Wenn Eltern ihre Kinder schlagen

Wenn Eltern ihre Kinder schlagen kommen immer wieder die selben Sätze und Erklärungen zum Vorschein: »Mir tut das mehr weh als dir« ― »Siehst du, wozu du mich bringst?« ― »Warum zwingst du mich dazu?« ― »Meine Mutter hätte mich umgebracht, wenn ich so gewesen wäre wie du« ― »Wir könnten es so gut haben« ― »Ich tue alles für dich und das ist der Dank« ― »Ich arbeite so hart und du tust mir das an«.

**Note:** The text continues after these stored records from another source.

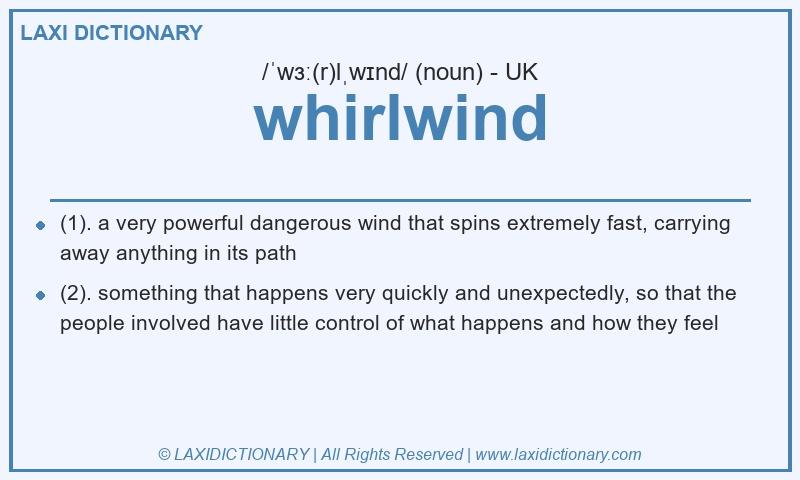 Definition whirlwind in British English
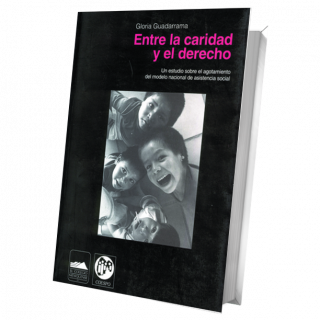 Entre la caridad y el derecho. Un estudio sobre el agotamiento del modelo nacional de asistencia social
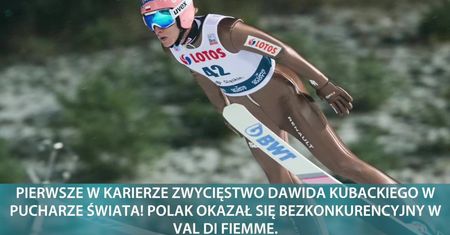 Pierwsze zwycięstwo Dawida Kubackiego w Pucharze Świata! 28-latek nie dał szans rywalom w Val di Fiemme
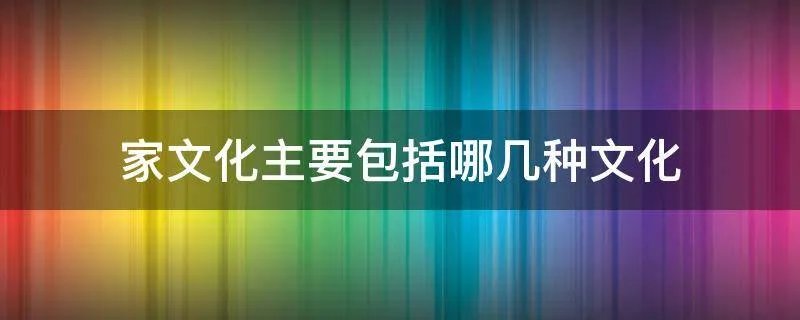 家文化主要包括哪几种文化
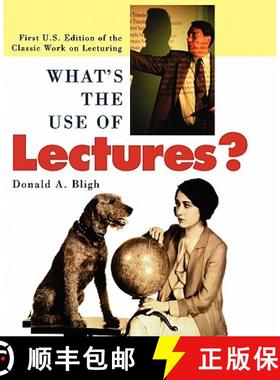 【3-4周达】What'S The Use Of Lectures?  (First U.S. Edition Of The Classic Work On Lecturing) [Wiley... [9780787951627]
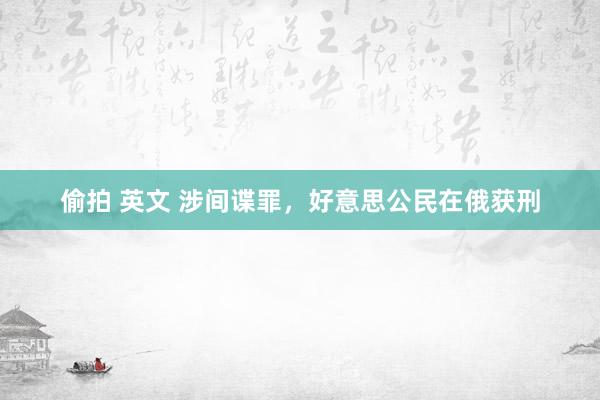 偷拍 英文 涉间谍罪，好意思公民在俄获刑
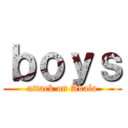 ｂｏｙｓ (attack on Adaía)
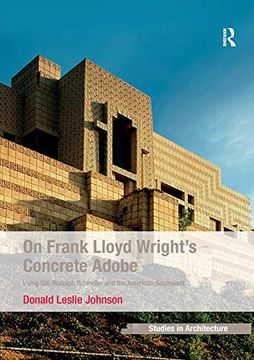 portada On Frank Lloyd Wright's Concrete Adobe: Irving Gill, Rudolph Schindler and the American Southwest (in English)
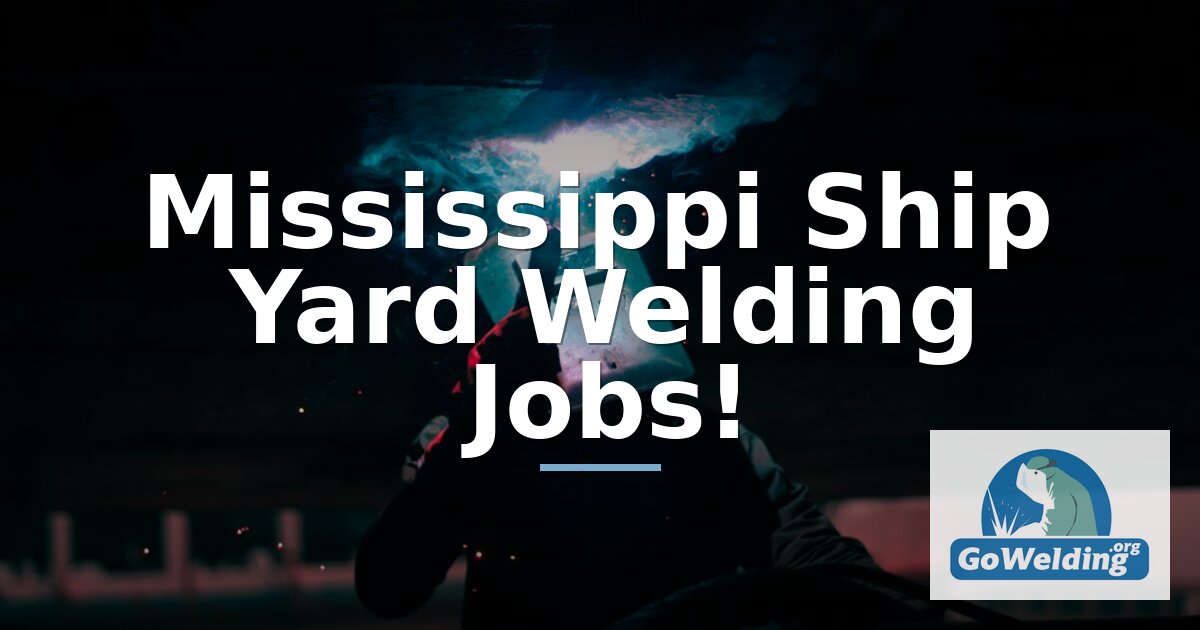 Mississippi Shipyard Welding Jobs: Your Complete Guide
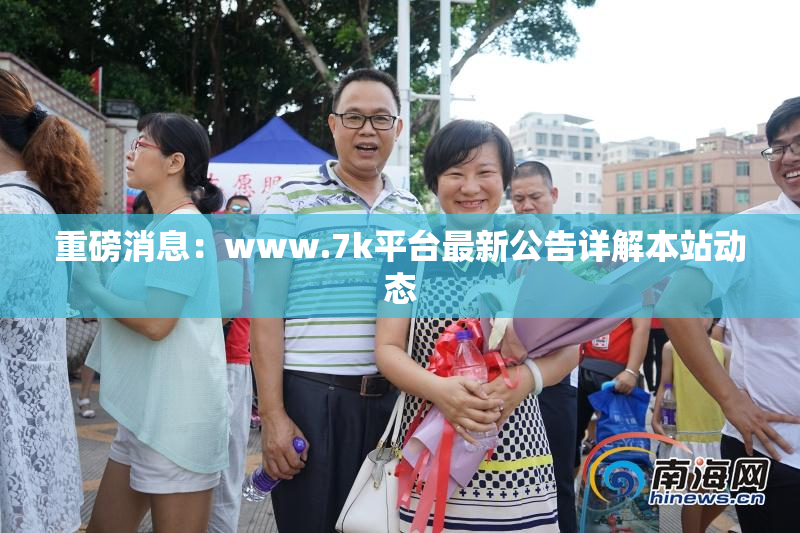 重磅消息：www.7k平台最新公告详解本站动态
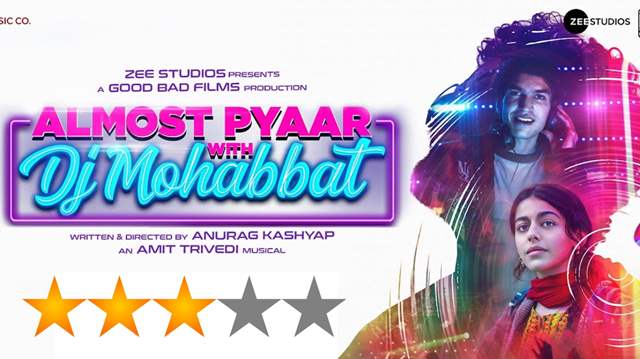 Almost Pyaar With DJ Mohabbat review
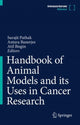 Book cover of: Handbook of Animal Models and its Uses in Cancer Research. By: Surajit Pathak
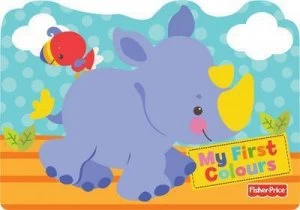 Image of My First Colours by Fisher-Price Book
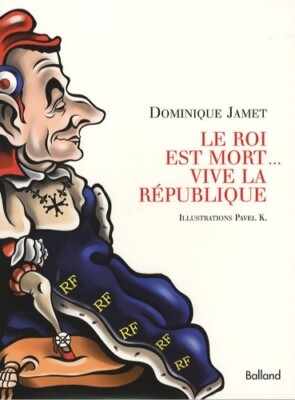 Der König ist tot... Es lebe die Republik - Dominique Jamet - V369735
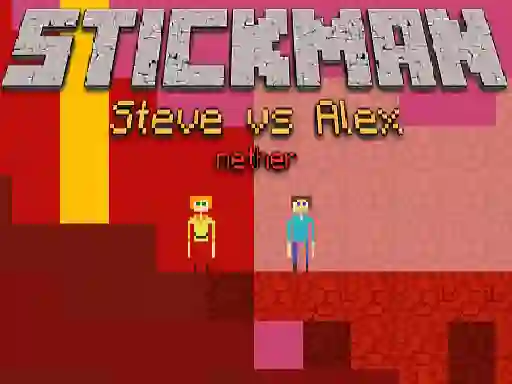 Stickman Steve vs Alex Nether — δωρεάν online παιχνίδι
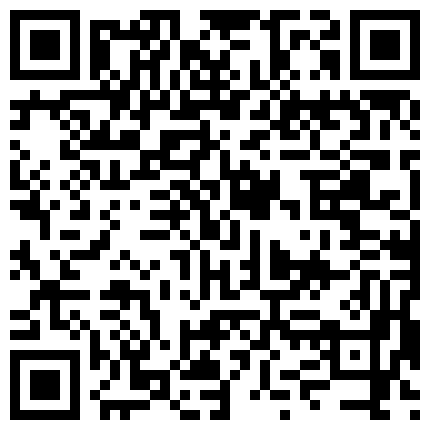 9 美腿大骚逼 啊啊 快点 宝贝 射给我 受不了了 第三视角感受视觉快感 想想就舒服的二维码
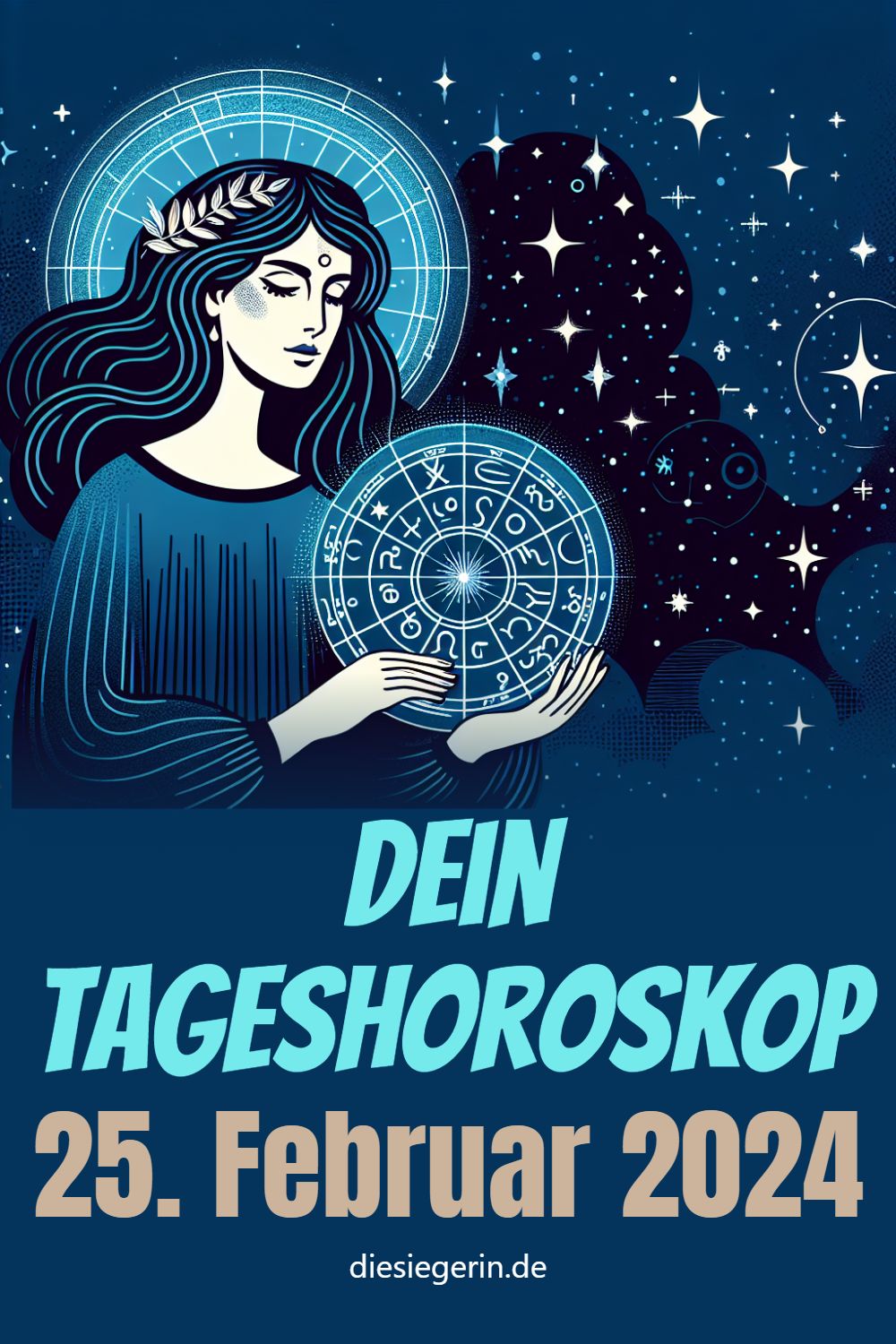 Dein Tageshoroskop 25. Februar 2024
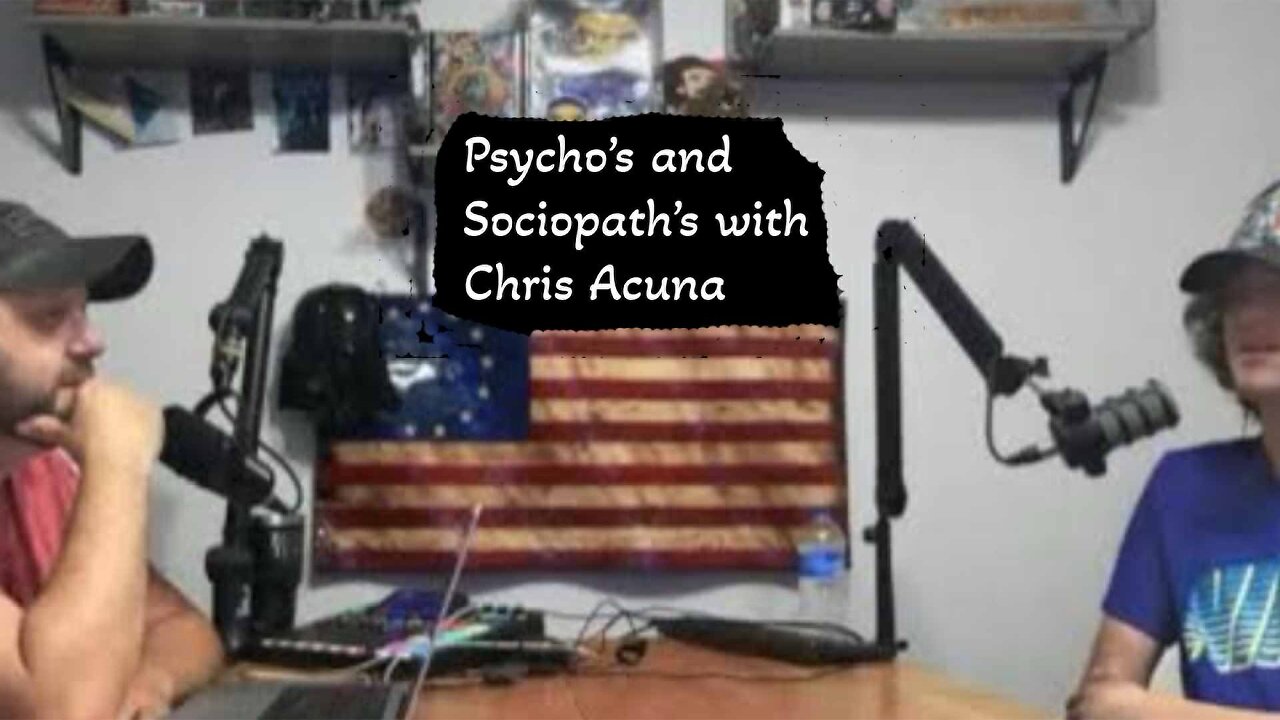 Psycho's and Sociopath's with Guest Chris Acuna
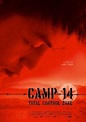Camp 14: Total Control Zone - Documentaire (2012) - SensCritique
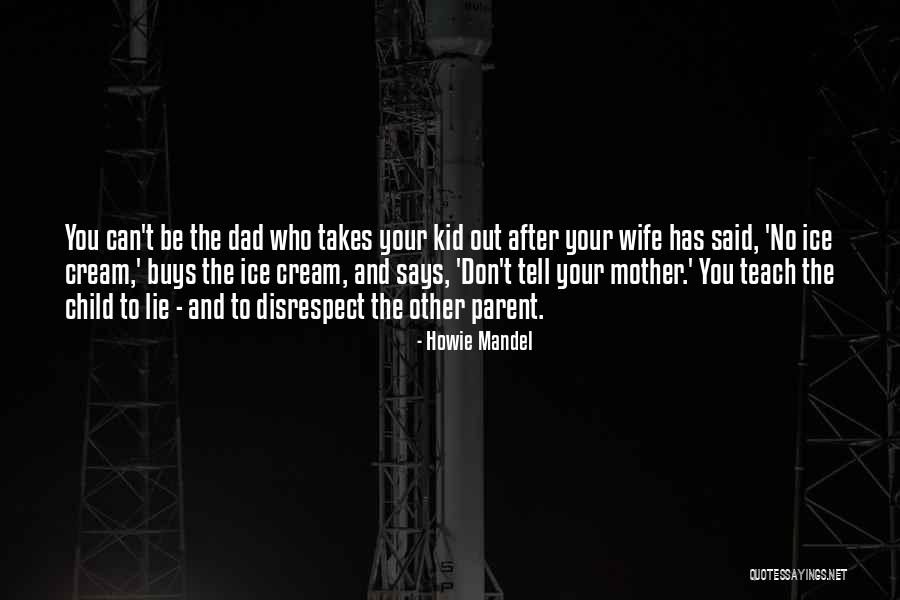 Disrespect The Mother Of Your Child Quotes By Howie Mandel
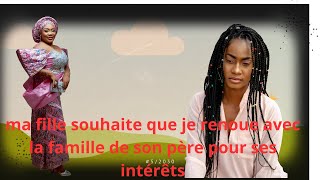 MA FILLE SOUHAITE QUE JE RENOUE AVEC LA FAMILLE DE SON PERE POUR SES INTERETS PERSONNELS [upl. by Kolb]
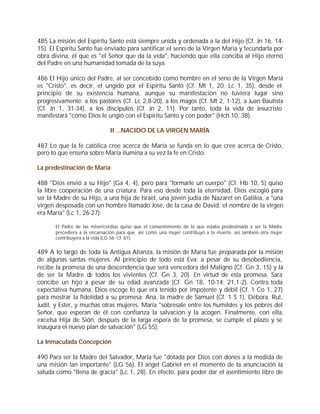 485 La misión del Espíritu Santo está siempre unida y ordenada a la del Hijo (Cf. Jn 16, 14-
15). El Espíritu Santo fue enviado para santificar el seno de la Virgen María y fecundarla por
obra divina, él que es "el Señor que da la vida", haciendo que ella conciba al Hijo eterno
del Padre en una humanidad tomada de la suya.

486 El Hijo único del Padre, al ser concebido como hombre en el seno de la Virgen María
es "Cristo", es decir, el ungido por el Espíritu Santo (Cf. Mt 1, 20; Lc 1, 35), desde el
principio de su existencia humana, aunque su manifestación no tuviera lugar sino
progresivamente: a los pastores (Cf. Lc 2,8-20), a los magos (Cf. Mt 2, 1-12), a Juan Bautista
(Cf. Jn 1, 31-34), a los discípulos (Cf. Jn 2, 11). Por tanto, toda la vida de Jesucristo
manifestará "cómo Dios le ungió con el Espíritu Santo y con poder" (Hch 10, 38).

                               II ...NACIDO DE LA VIRGEN MARÍA

487 Lo que la fe católica cree acerca de María se funda en lo que cree acerca de Cristo,
pero lo que enseña sobre María ilumina a su vez la fe en Cristo.

La predestinación de María

488 "Dios envió a su Hijo" (Ga 4, 4), pero para "formarle un cuerpo" (Cf. Hb 10, 5) quiso
la libre cooperación de una criatura. Para eso desde toda la eternidad, Dios escogió para
ser la Madre de su Hijo, a una hija de Israel, una joven judía de Nazaret en Galilea, a "una
virgen desposada con un hombre llamado José, de la casa de David; el nombre de la virgen
era María" (Lc 1, 26-27):

       El Padre de las misericordias quiso que el consentimiento de la que estaba predestinada a ser la Madre
       precediera a la encarnación para que, así como una mujer contribuyó a la muerte, así también otra mujer
       contribuyera a la vida (LG 56; Cf. 61).


489 A lo largo de toda la Antigua Alianza, la misión de María fue preparada por la misión
de algunas santas mujeres. Al principio de todo está Eva: a pesar de su desobediencia,
recibe la promesa de una descendencia que será vencedora del Maligno (Cf. Gn 3, 15) y la
de ser la Madre de todos los vivientes (Cf. Gn 3, 20). En virtud de esta promesa, Sara
concibe un hijo a pesar de su edad avanzada (Cf. Gn 18, 10-14; 21,1-2). Contra toda
expectativa humana, Dios escoge lo que era tenido por impotente y débil (Cf. 1 Co 1, 27)
para mostrar la fidelidad a su promesa: Ana, la madre de Samuel (Cf. 1 S 1), Débora, Rut,
Judit, y Ester, y muchas otras mujeres. María "sobresale entre los humildes y los pobres del
Señor, que esperan de él con confianza la salvación y la acogen. Finalmente, con ella,
excelsa Hija de Sión, después de la larga espera de la promesa, se cumple el plazo y se
inaugura el nuevo plan de salvación" (LG 55).

La Inmaculada Concepción

490 Para ser la Madre del Salvador, María fue "dotada por Dios con dones a la medida de
una misión tan importante" (LG 56). El ángel Gabriel en el momento de la anunciación la
saluda como "llena de gracia" (Lc 1, 28). En efecto, para poder dar el asentimiento libre de
 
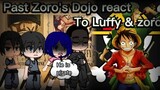 ||Past Zoro's Dojo react to Zoro and Luffy||UZUMAKI ZORO||STRAWHATS||GACHA CLUB||PART-3/?||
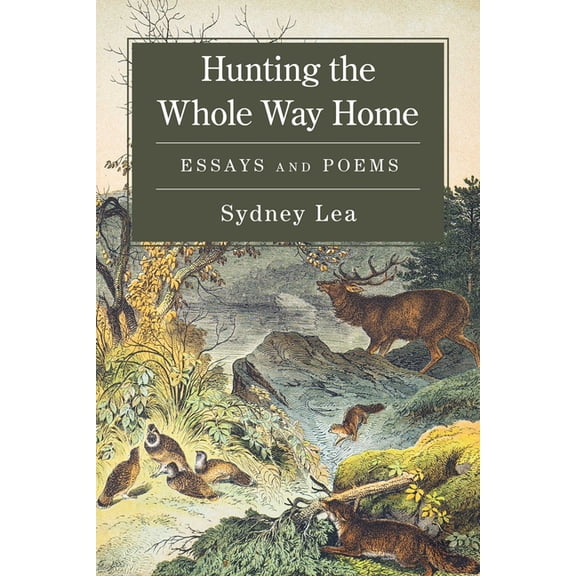 Hunting the Whole Way Home: Essays and Poems, (Paperback)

Ich habe sogar zwei große Aquarien solcher schwimmenden Sätze. Eines für davor und das Andere ist für danach: »Du darfst das niemandem sagen, sonst nehmen sie dich mir weg« ― »Hast du etwas daraus gelernt?« ― »Ich tue das, weil ich dich liebe« ― »Findest du nicht, dass du das verdient hast?« ― »Ich habe dich doch nicht zu fest geschlagen?« ― »Mir tut die Hand weh wegen dir« ― »Du weißt, dass die Mama das nicht gern tut«.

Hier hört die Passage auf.